A:検査前に食べ物や甘い物を摂取すると、がん細胞が満腹状態になり、FDGを注射しても集積が悪くなりがんの正確な情報が得にくくなるからです。
【当院では、くすりを注射する6時間前から絶食をお願いしています。】
Q:糖尿病でも、PET-CT検査を受けられますか?
A:糖尿病など血糖値が高い方の場合、FDGが筋肉や脂肪への集積しやすい傾向にあるため、がんへのFDGの集積が低下することもあり、診断精度が下がる場合があります。そのため当院では、くすりを注射する6時間前からのインシュリン投与の中止をお願いしています。

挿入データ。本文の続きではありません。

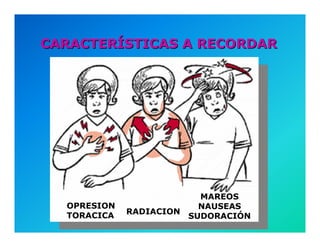 Semiología de la Angina de Pecho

Q:PET-CT検査なら,どんな小さながんでも見つけられるのでしょうか?
A:PET-CTといえども、顕微鏡レベルの微細ながんは発見することができません。また、進行の度合いや細胞の種類によっても見えにくいがんがあります。
Q:PET-CT検査なら,どんな種類のがんでも見つけられるのでしょうか?
A:臓器や部位によっては、発見しにくいがんがあることもご了承下さい。FDGは尿中へ排尿されるため、腎臓や膀胱などのがんも発見しにくい場合があります。
Q:被ばくが心配なのですが?
A:FDGからの被ばく線量は、約4mSv(ミリシーベルト)で、胃のバリウム検査と同等です。ここへさらに、CTによる被ばくが加わり約15mSvになりますが、この線量で放射線障害が起こることはありませんので、ご安心下さい。